Schneewittchen und die böse (Stief-)Mutter
Einen Raum weiter geht es um Schneewittchen. Die, ihr wisst schon, Unschuldsgestalt aus dem Märchen, der von der Stiefmutter übel mitgespielt wird. Nun, ob hier mit den bösen Tieren und dem Peitschensymbol wirklich nur neidische Mütter gemeint sind, sei dahingestellt. Die Bider lassen für mich auch andere Interpretationen zu, wie zum Beispiel, die Ausbeutung asiatischer Frauen durch Männer aus der ganzen Welt.
Rapunzel zwischen Tradition und Moderne
Es geht die Treppe hinauf. Dort warten nicht nur Bilder sondern auch Instellationen. Und wer möchte, kann hier auch schriftstellerisch tätig werden. Auf einer in die Jahre gekommenen Schreibmaschine mit schwachem Farbband kann jeder Besucher seine Interpretation von „Love and Hate“ zum Besten geben. Dass die dichterischen Auswüchse teilweise schwer zu lesen sind mag auch Absicht sein. Schließlich wirken die Ergüsse so diabolischer.
Eine Videoinstallation im Raum nebenan erinnert an das 1981 verübte Attentat auf Präsident Ronald Reagan. Das Attentat wird dabei wechselweise mit Szenen aus dem Film Taxi Driver gezeigt. Geht es um vergleichbare Motive oder die schiere Gewalt?

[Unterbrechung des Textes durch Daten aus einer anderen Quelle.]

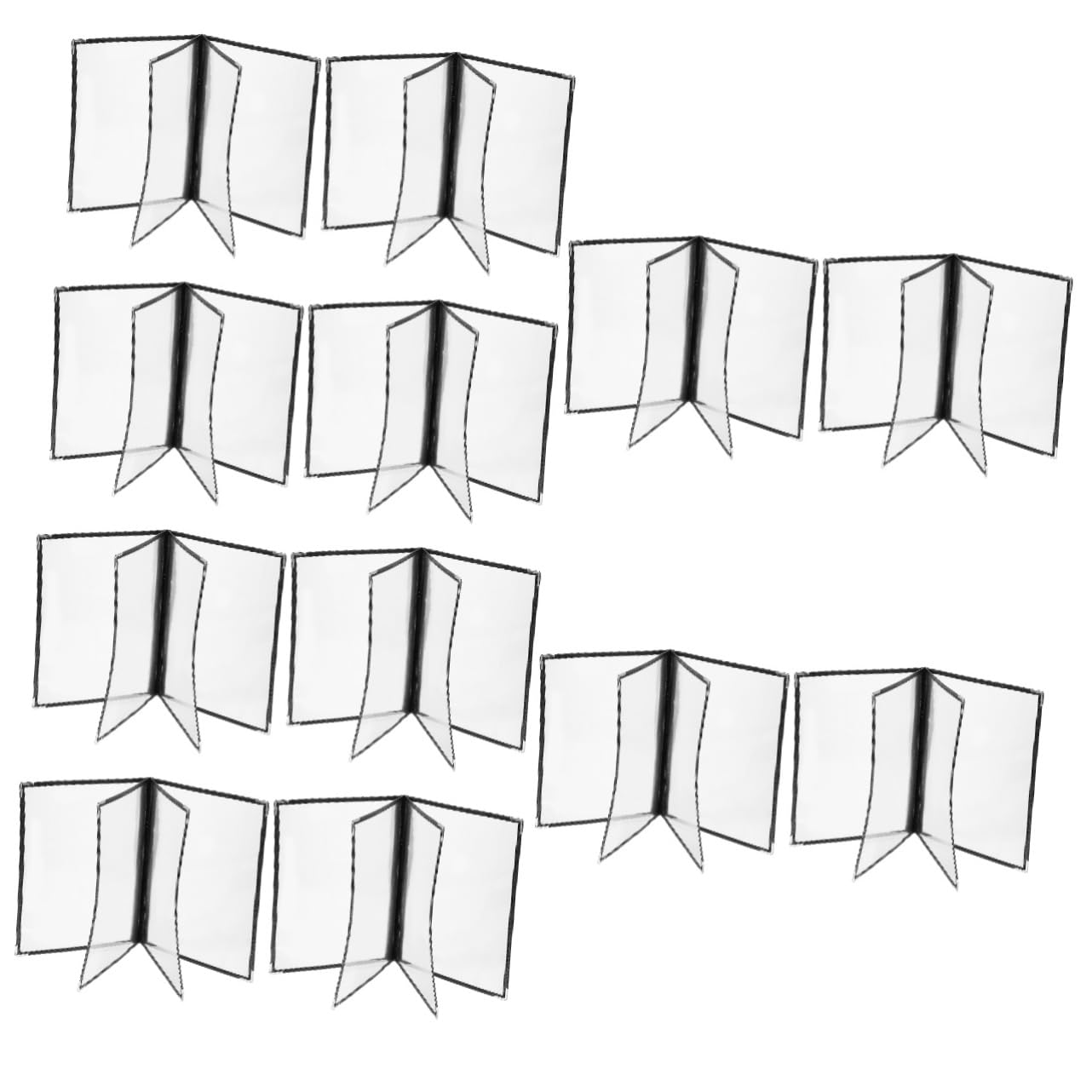 ULTECHNOVO 12piezas Portada De Menú Transparente De Pvc Para Restaurantes Carpeta Flexible y Resistente Para Recetas y Cartas De Comida Diseño Elegante y Fácil De Limpiar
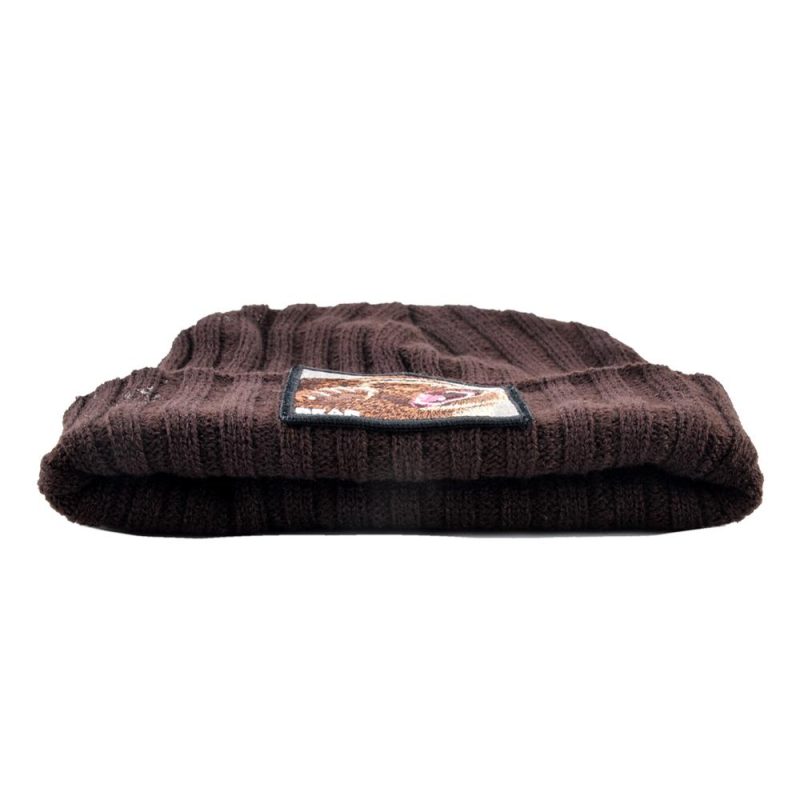 Embroidery Bear Knitted Beanies Hat Men Solid Color Autumn Winter Knitting Boy Skullies Caps Women Streetwear Kpop Gorras Bonnet - Image 4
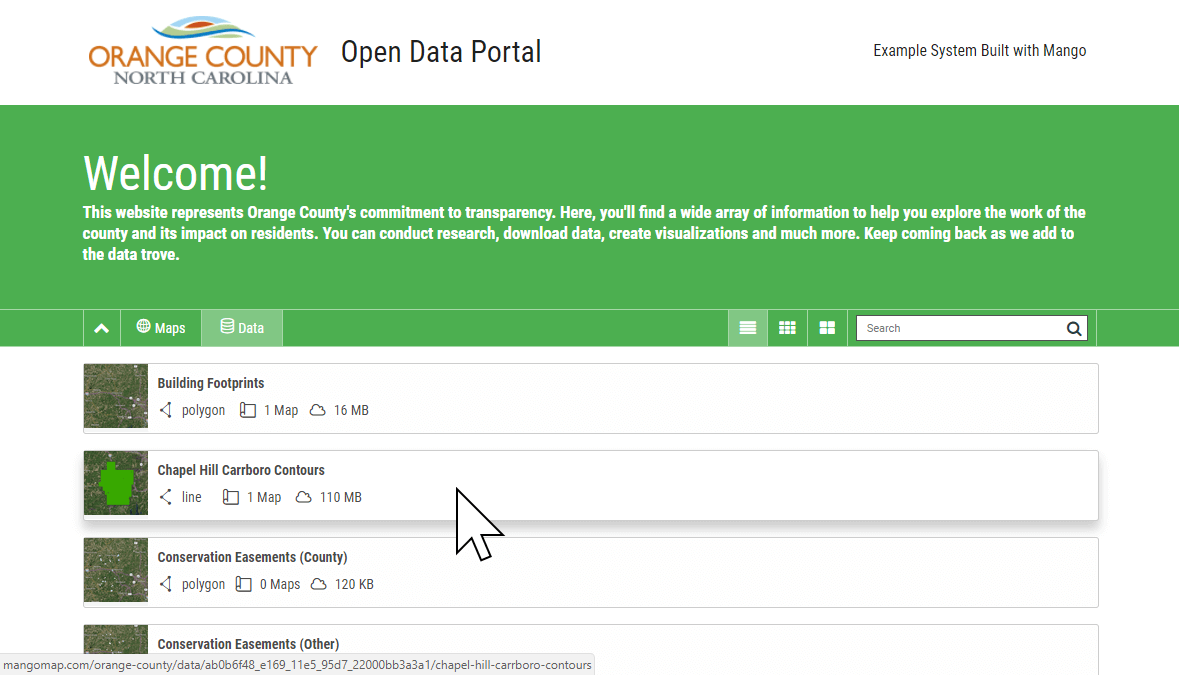 Provide a simple, accessible open data portal for your community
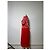 Vintage Yves Saint Laurent Strickkleid Zebra Ende der 1990er Jahre rot weiß M - Ansicht 2
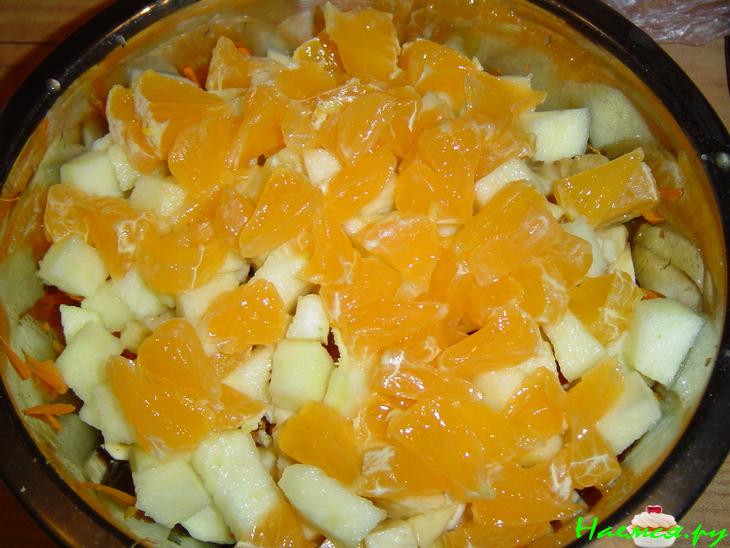 Салат фруктовый "Наслаждение" с медом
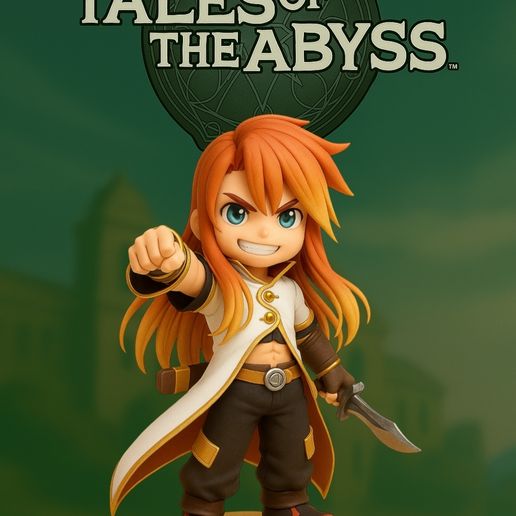 🎲 Luke fon Fabre tales of the abyss・ STL File for 3D printing・Cults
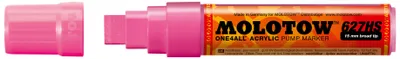 Image de Molotow marqueur acrylique ONE4ALL ACRYLIC 627HS 15 mm, No. 200, rose fluo
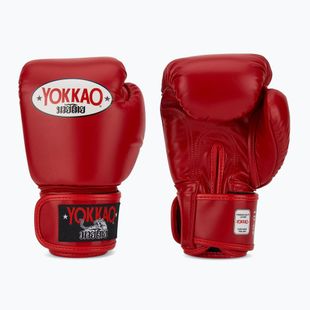 Men's boxing gloves YOKKAO Matrix red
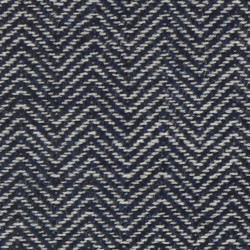 Cashmere herringbone white-navy 2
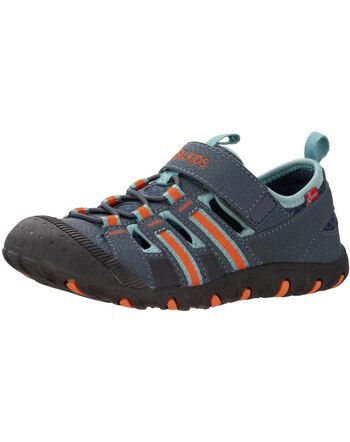 Trollkids Outdoorsandalen 'Kids Sandefjord Sandal XT' - Dark Navy/Dusky Turquoise/Glow Orange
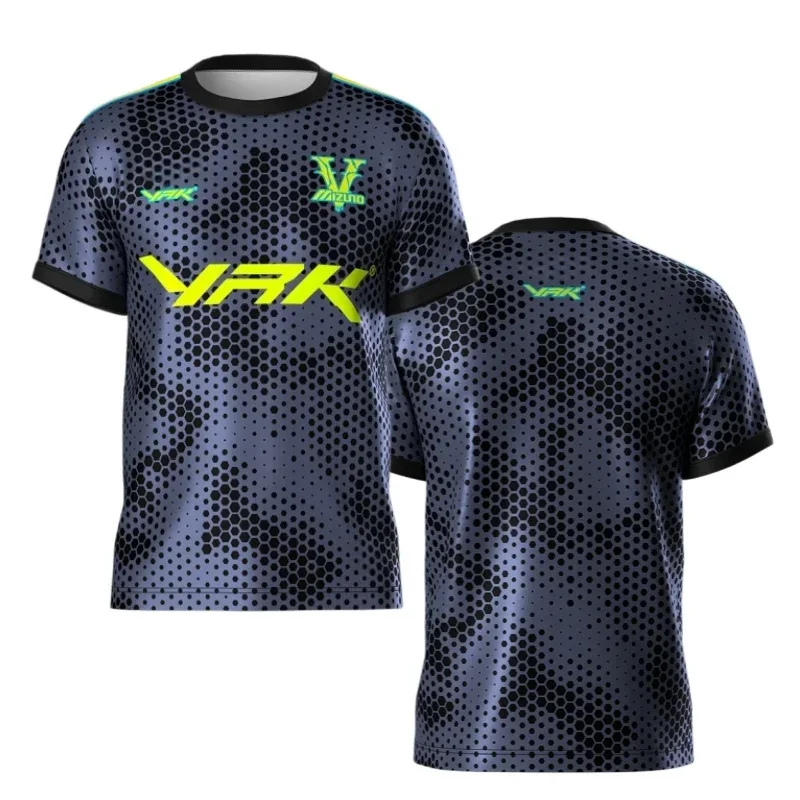 2026 New 3D Printed Casual Training Round Neck Short Sleeved Comfortable Quick Drying Adult and Child Parent-child Outfit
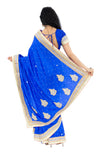 Kashmira Royal Blue Pre-Pleated Indian Wedding Sari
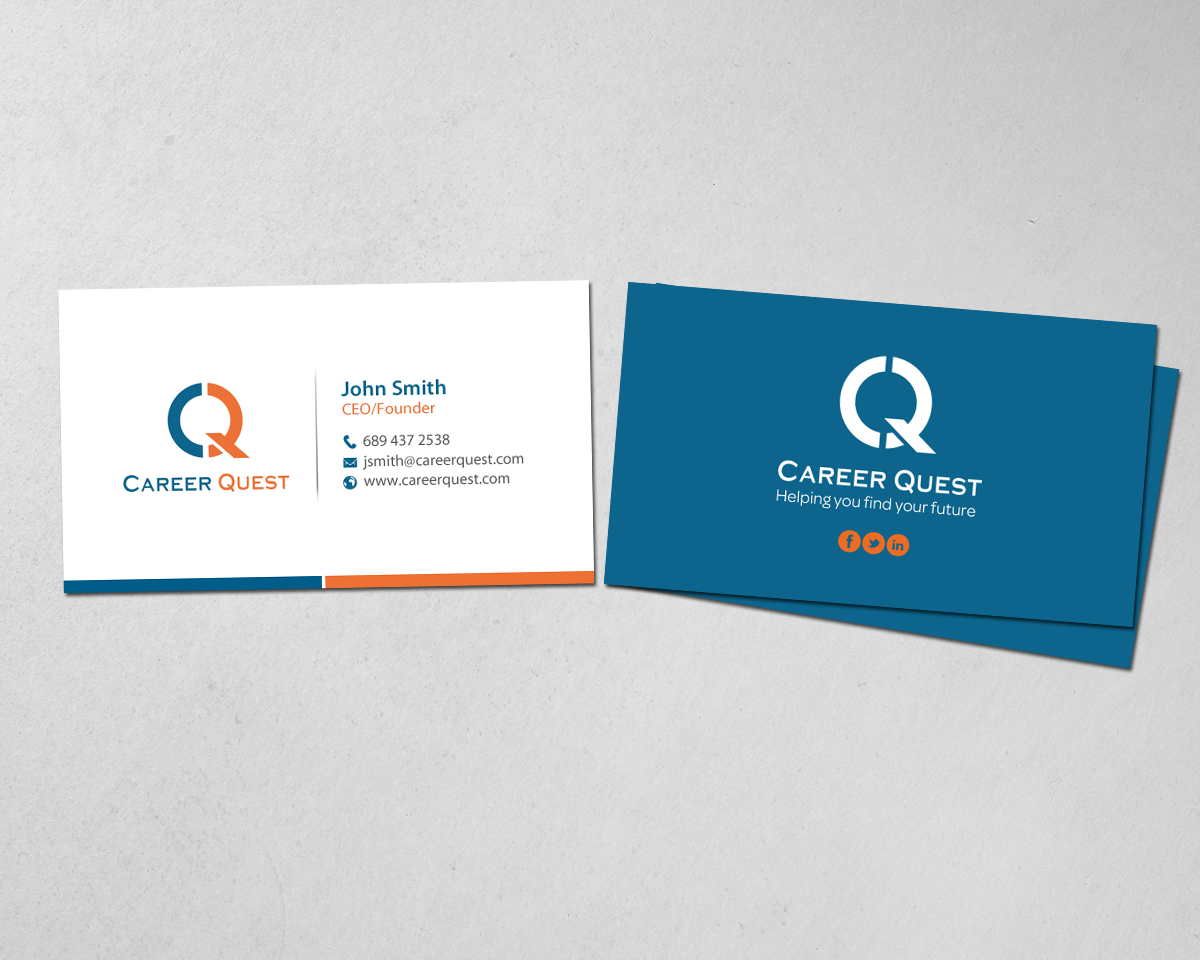 Business Card Design by chandrayaan.creative for Career Quest | Design #12562791
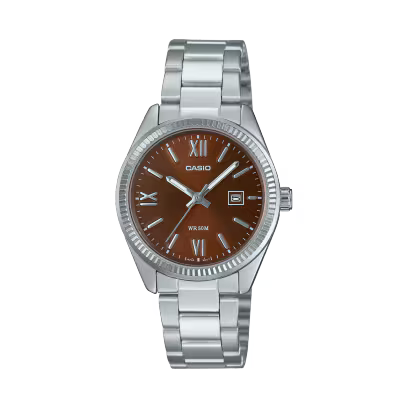Casio LTP-1302DD-5AVDF Women’s Watch – Brown Sunray Dial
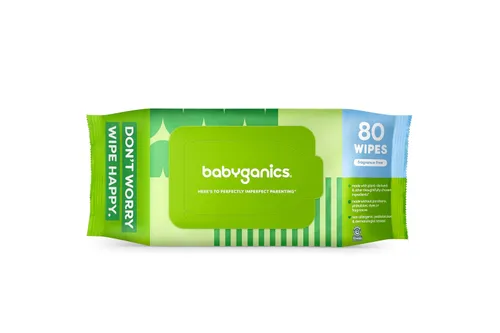 Vista 2 de Toallitas Babyganics húmedas para bebé, sin perfume, el envase puede variar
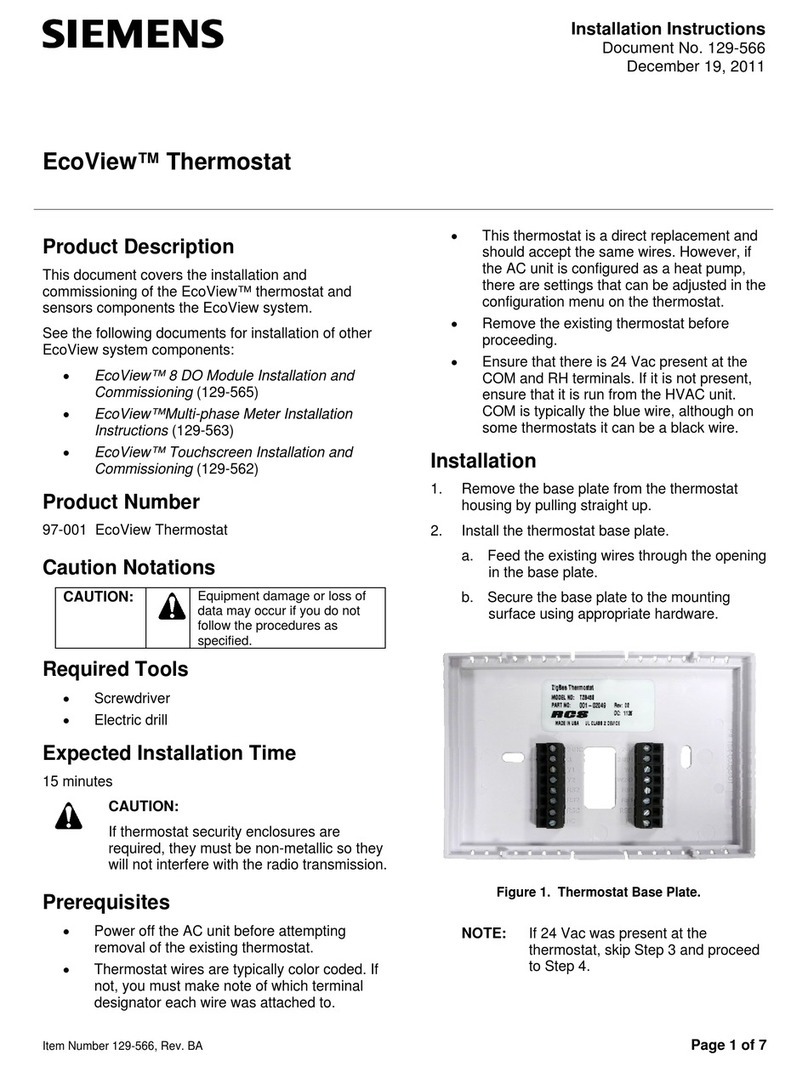 Siemens EcoView User manual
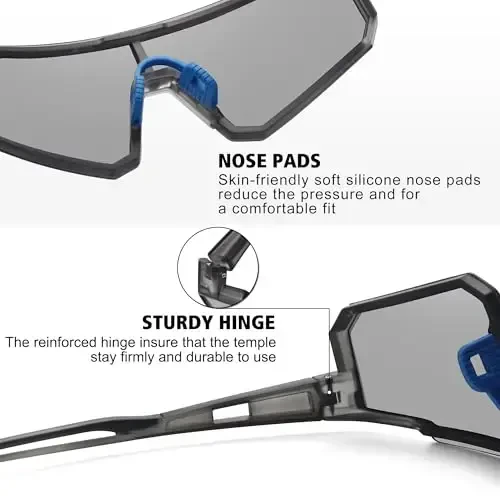 STORYCOAST Polarized Sports Sunglasses for Men Women,Driving Fishing Cycling Mountain Bike Sunglasses UV400 Protection - 5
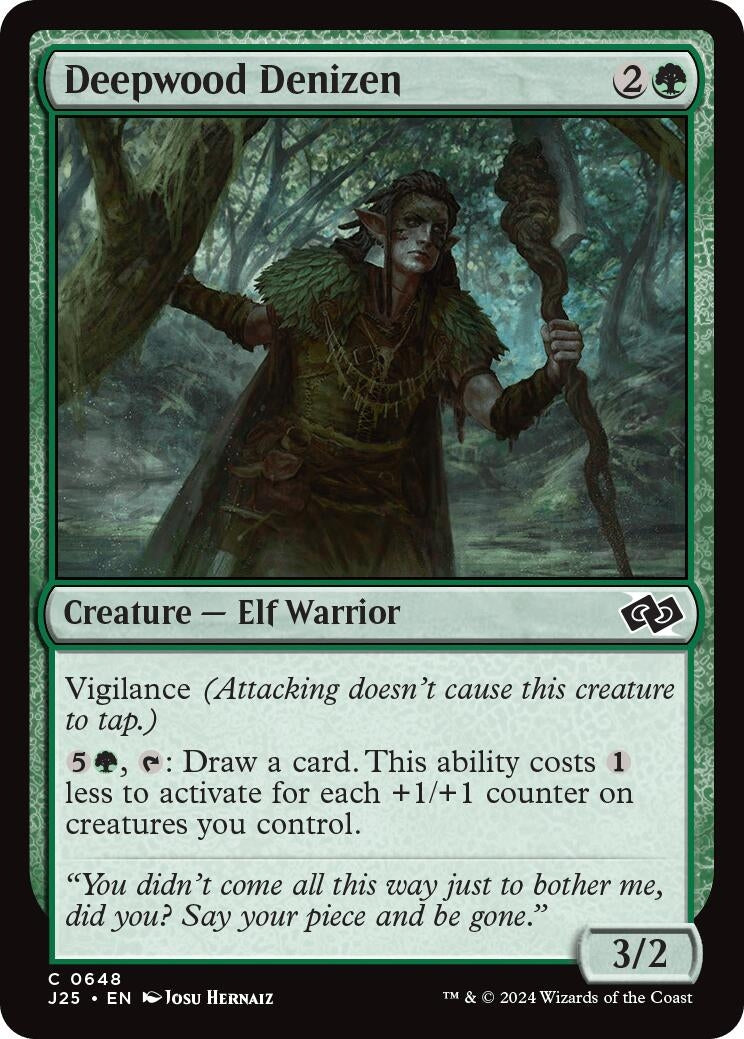 Image for Deepwood Denizen (Foundations Jumpstart) (648) - Magic: The Gathering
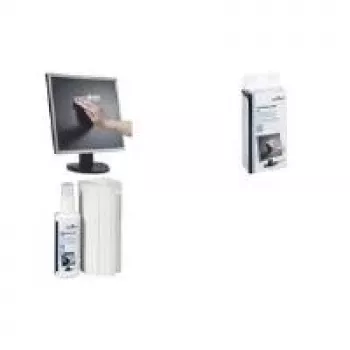 Valymo šluostės ir skystis Durable SCREENCLEAN rinkinys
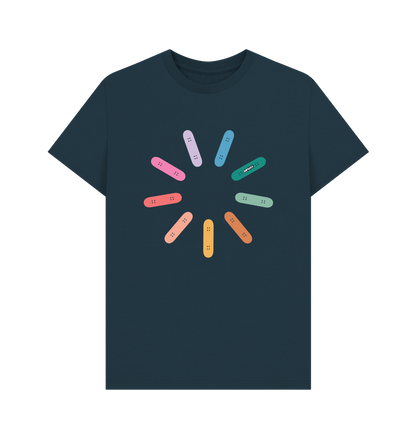Denim Blue Printed T-shirt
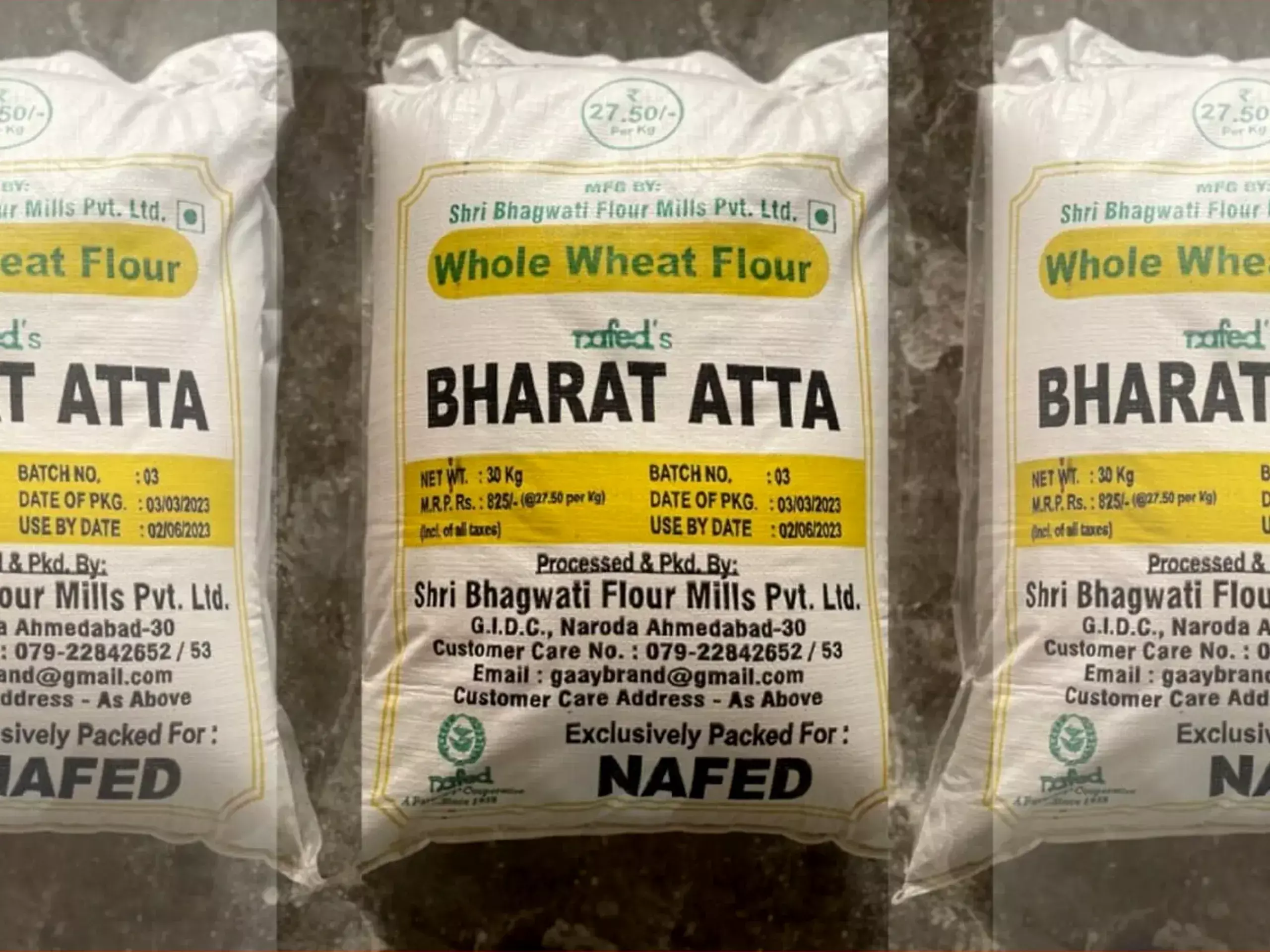 bharat atta at rs27.50 per kg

Zum Schluss begegnen wir einer persischen Rapunzel, die zwischen Selbstbestimmung und Tradition steht. Für wen würde sie ihren Zopf herunerlassen? Die deutsche Überschrift lautet dazu: „Der schöne Vogel sitzt nicht mehr im Nest und singt nicht mehr.“ Was heißt das im übertragenen Sinne? Persiche Frauen lassen sich nicht mehr unterdrücken, sitzen nicht mehr brav zuhause, wie der Vogel im Nest und „singen“ wenn ihr Mann nach Hause kommt. Wie gesagt, die Werke lassen viel Interpretationsspielraum – aber gerade das macht die Schau für mich interessant. Was seht Ihr in den Bildern?
Kontrastprogramm im Botanischen Garten
Friedlichere Zeiten erleben wir anschließend im prächtig erblüten Botanischen Garten gleich gegenüber vom Kunsthaus. Wobei es im Gewächshaus nicht nur stachelig, sondern auch sexuell aufgeladen zugeht. Stramme Kakteen ragen in den Himmel mit Formen, die wenig Interpretationsspielraum zulassen als diesen: Phallussymbole in Reinform. Auch der Rest des Gartens überzeugt: Blühende Pfingstrosen, Rhododendren, Orchideen und dazwischen eine launische Katze und eine Blaumeise, die Modell steht. Ein wirklich gelungener Ausgleich zu Kranz’Oeuvre.